The complete system as used in competitive evaluations operates in no less than ten passes over the input data, exploiting more and more detailed models. The initial pass only serves to obtain a rough transcript to provide input for adapting acoustic models, while the following passes generate bigram word lattices which are expanded using 4-gram language models and rescored using models that are differently trained, for example on varying training data .
Each pass normally outputs both a first-best result and a word-graph: the latter is used to constrain the search space for subsequent stages, and allows for output combination of several complementary models. Depending on the constraints in terms of processing time, the system complexity is usually increased by the number of passes, with gains in later passes that tend however to decrease with the number of passes. Recently, a major achievement has been the design of a real-time version of the ASR system, keeping up with a speaker’s production rate.
The performance of the complete non-real-time system reaches about 25% word error rate on signals from individual head-mounted microphones, an extremely competitive performance assessed in international evaluation campaigns.
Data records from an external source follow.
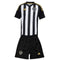 Conjunto infantil Atlético Mineiro I 25/26 - Blanco y negro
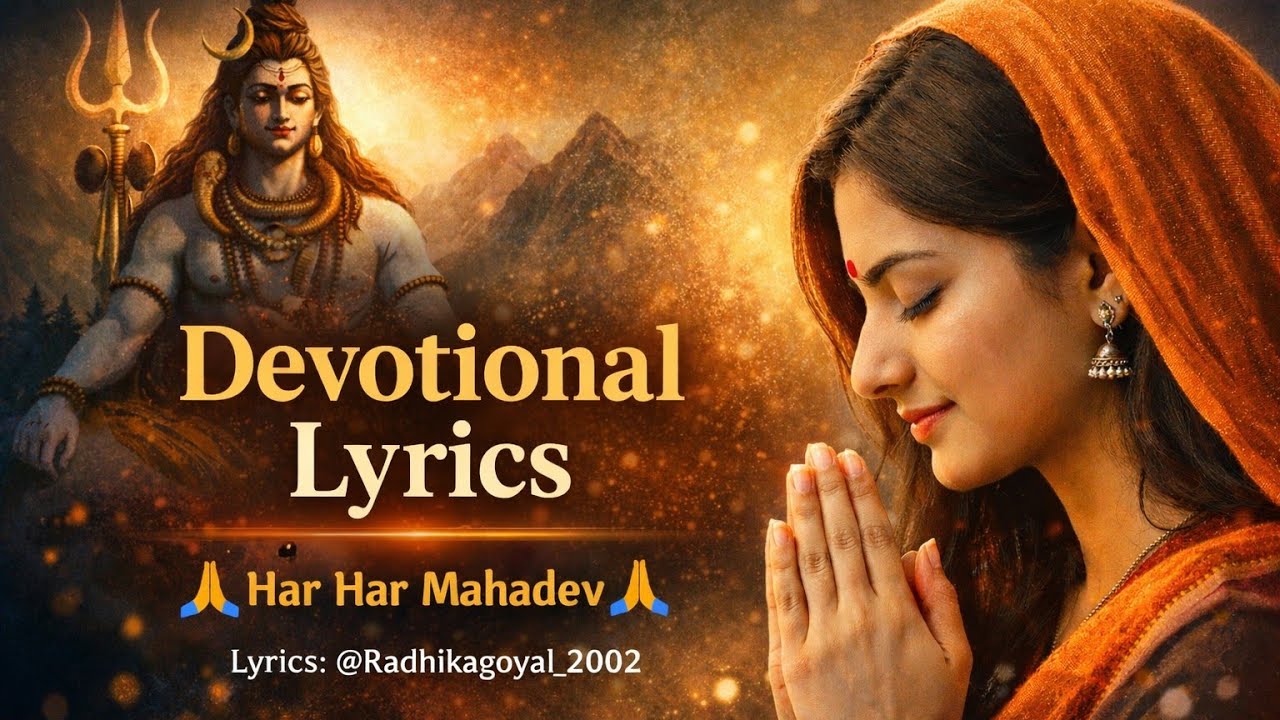 “Har Har Mahadev 🙏 | Shiv Bhajan 2026 | Dil Ko Chhoo Jane Wala Bhajan”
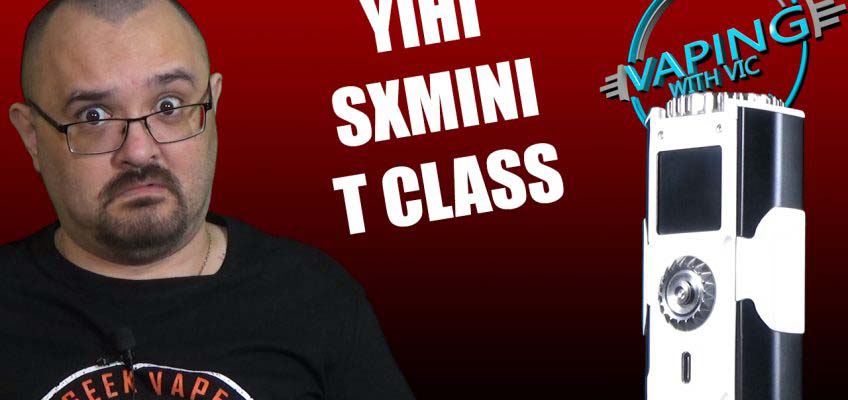 YiHi SXmini T Class Review – …with added fidget spinners…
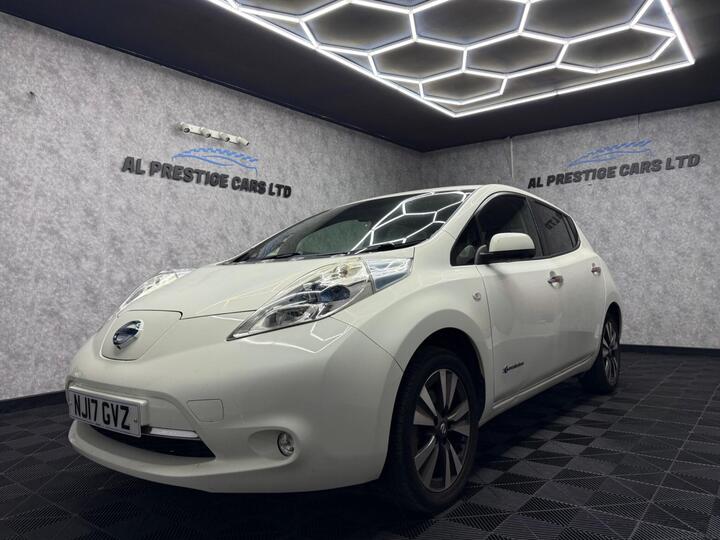 Nissan Leaf 30kWh Tekna Auto 5dr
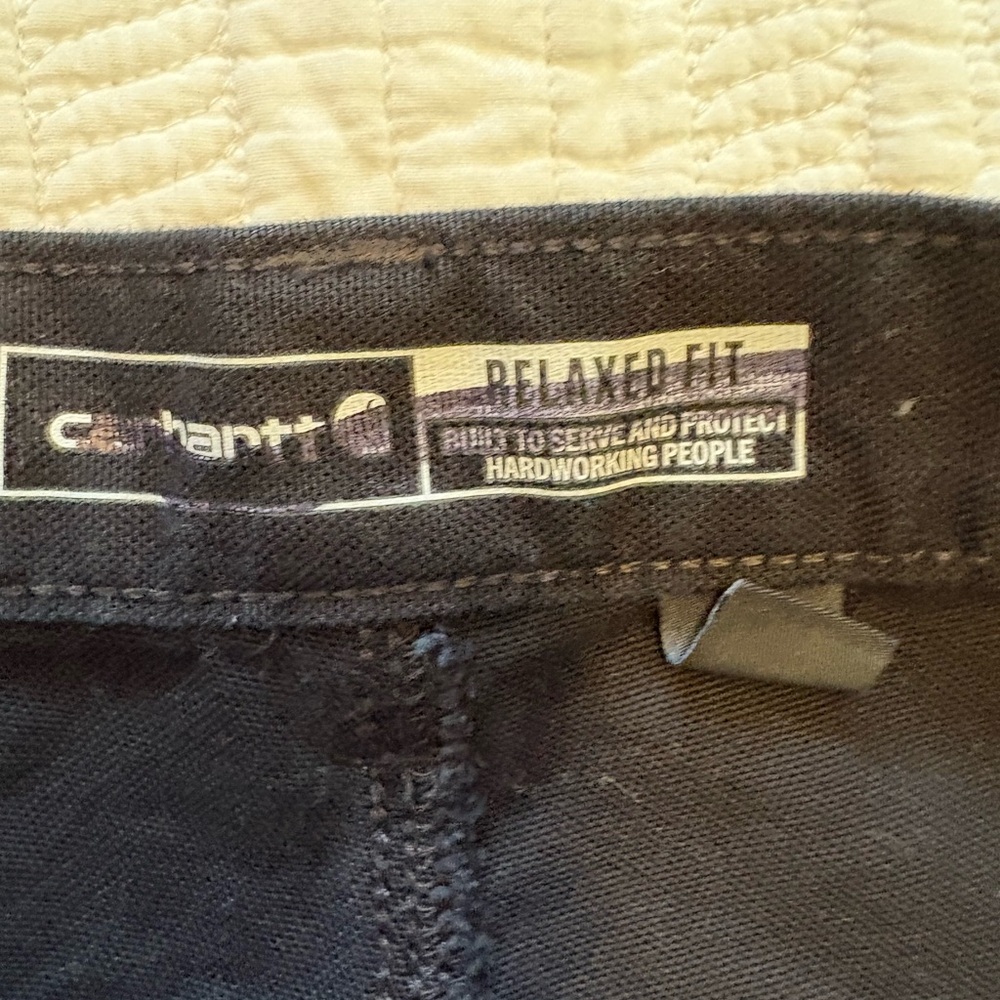 Carhartt Black Relaxed Fit Workwear - Picture 2 of 4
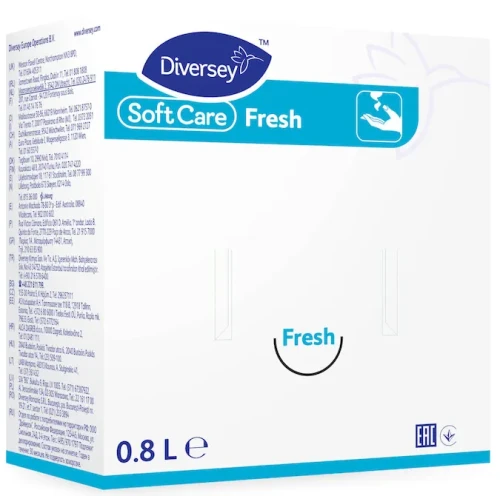 6960300 Soft Care Fresh 800ml mydło Diversey.webp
Accuracy and speed are especially important for commercial applications such as those targeted by Koemei, a young Idiap spin-off. In complete applications though (besides pure dictation systems), the ASR system is in reality only the first processing step of content extraction from spoken conversations, which includes other stages such as diarization, named entity recognition, syntactic chunking, dialogue act segmentation and classification, topic segmentation, and summarization. All these aspects of content extraction contribute to facilitate search in multimedia recordings of events such as conferences, a capacity that is put to work in another Idiap spin-off called Klewel. To improve the utility of ASR for these analyses, future objectives include improving the robustness, speed, and accuracy of the system, as well as dealing with larger or more flexible vocabularies of recognizable words. The addition of new languages, in particular Swiss national ones, is also under work.Application of ASR to a “virtual secretary”
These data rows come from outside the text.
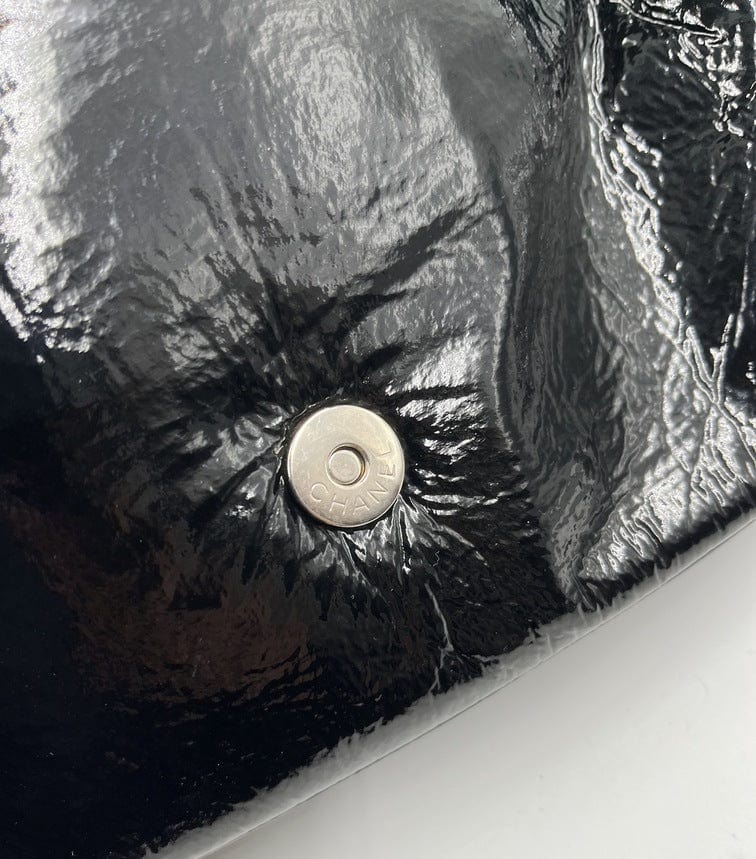 Chanel Bubble Cube Bag - Black
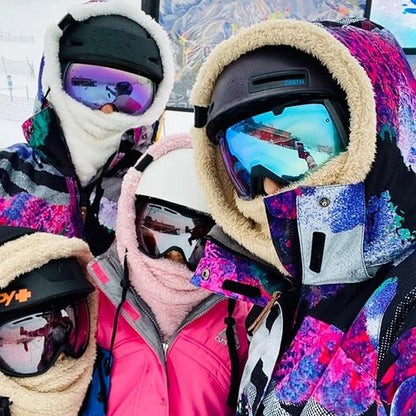 💥Special sale - Sherpa Hood Ski Mask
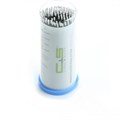 Аппликаторы Clean+Safe №1 X-Slim, черные (100 шт.) 1231912238 - фото 448663
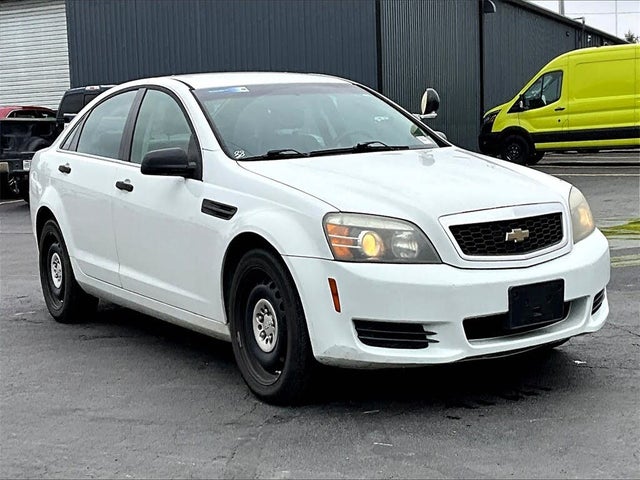 2013 Chevrolet Caprice Police Sedan RWD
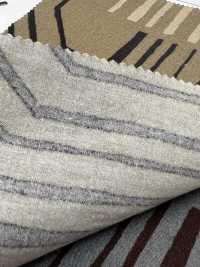 7025-1215-1 20 High Density Poplin BIG Geometric Pattern[Textile / Fabric] HOKKOH Sub Photo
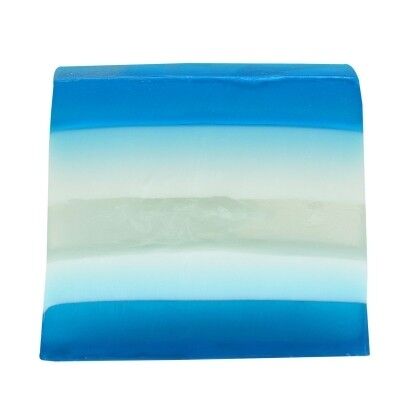 B526 The Big Blue Sliced Soap
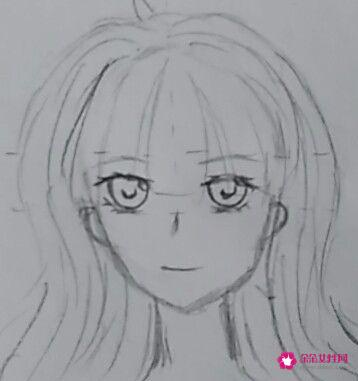 如何画漫画脸
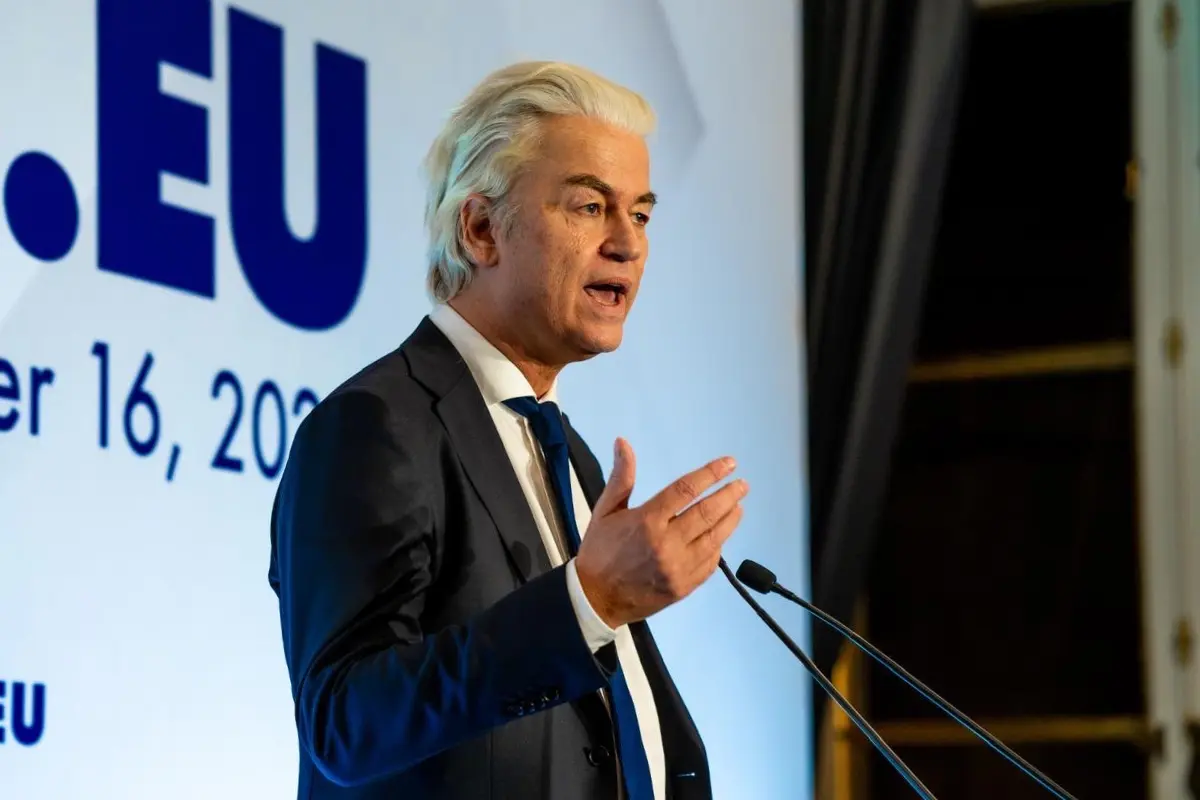 Créditos: X (@geertwilderspvv).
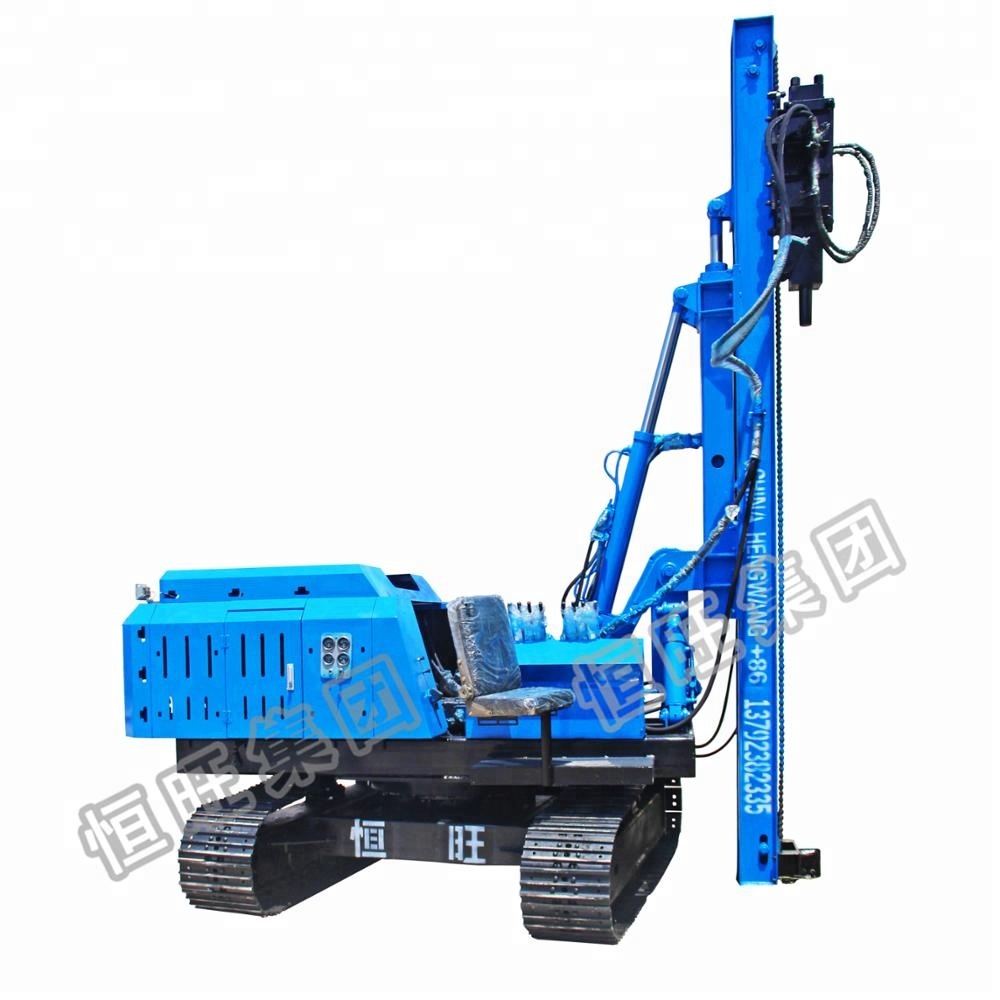Pile driver using hydraulic system price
A very large number of more user-oriented applications have been considered for automatic speech recognition, from dictation-based interfaces replacing keyboards to search-and-retrieval from spoken archives and to human-computer voice-based dialogue. In current work at Idiap, we are also paying particular attention to the integration of content extraction modules into several types of meeting assistants, which are systems that can help meeting participants with various tasks, in close-to real-time (in some cases, delays of several seconds or even minutes may be acceptable). In particular, Idiap has been working on an application of real-time ASR to design a speech-based document retrieval system called the “Automatic Content Linking Device”, but often referred to as a “virtual secretary”.
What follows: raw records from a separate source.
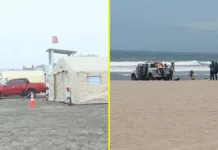 Joven argentino de 17 años desaparece en playa Cuatro Esquinas de La Serena durante vacaciones familiares Búsqueda intensificada con drones y pescadores en La Serena por joven desaparecido.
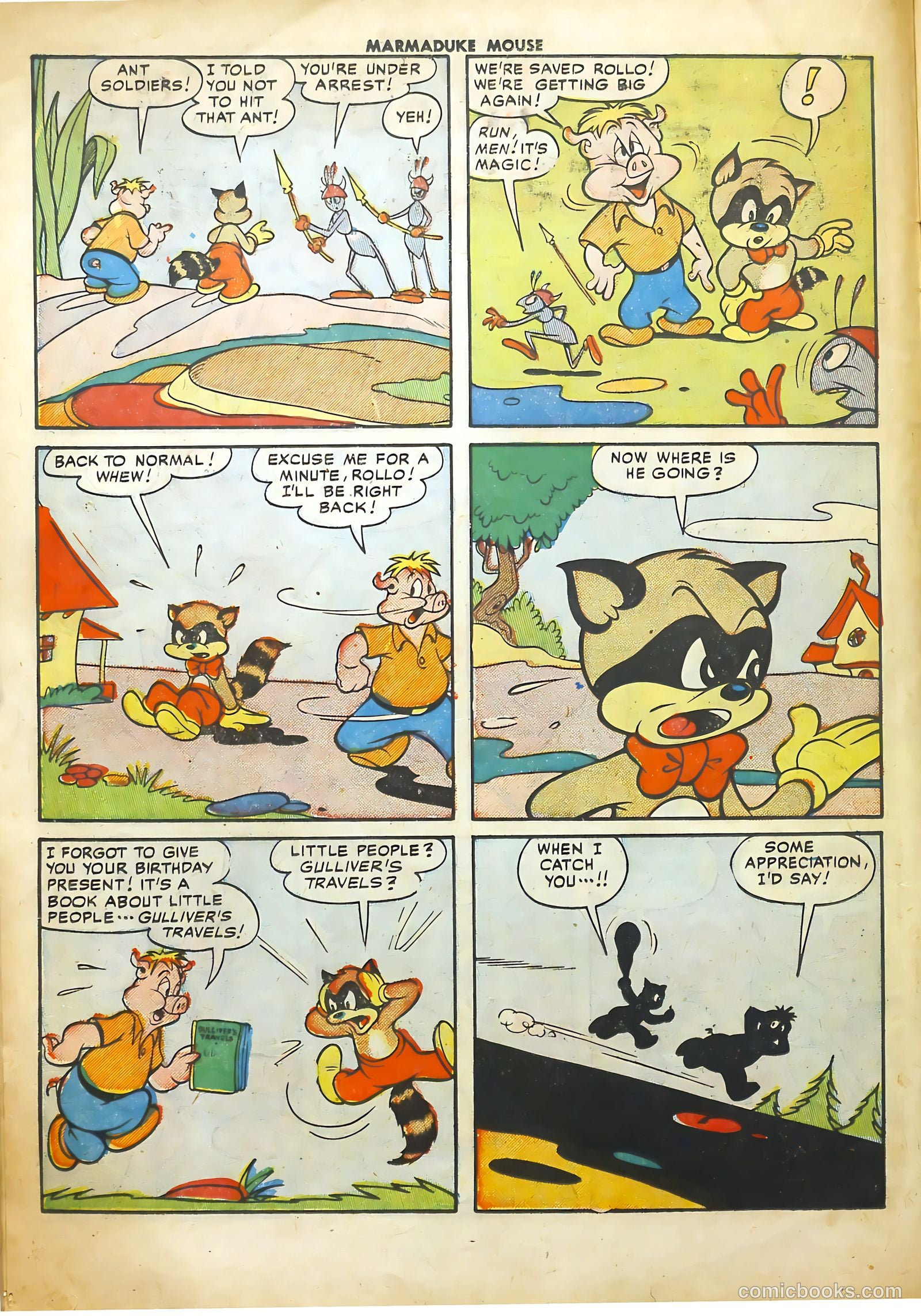 Marmaduke Mouse #30 — page 14 of 36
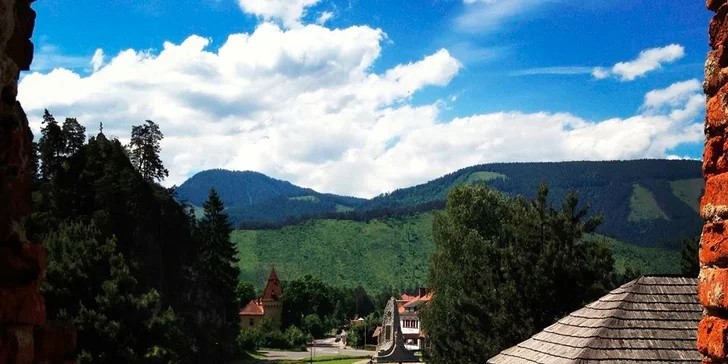 Jarný pobyt v Chateau GrandCastle na Liptove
This prototype answers the well-known need for information access as a secondary activity, for instance at a time when users are involved in a principal activity that does not allow them to use a traditional search interface (with a keyboard, mouse, and display), and does not even allow them to concentrate fully on initiating a search. Such a particular need for secondary search arises during meetings. Often people need further information during a meeting (e.g., previous meeting minutes, Google search results, etc), but they cannot lay their hands on it, at least not during the meeting itself, because searching would require an interruption of the discussion. And yet, producing the right piece of information at the right time can change the course of a meeting.A careful listener
The Automatic Content Linking Device answers this need by listening to a meeting and searching quietly in the background for the most relevant documents and past meeting segments from a multimedia database, or from the Web. The past meeting segments are made available thanks to offline speech recognition, and the documents include past reports, emails, or presentation slides. The system performs searches at regular intervals over the multimedia databases, with a search criterion that is constructed based on the words that it recognizes automatically from the ongoing discussion using real-time ASR.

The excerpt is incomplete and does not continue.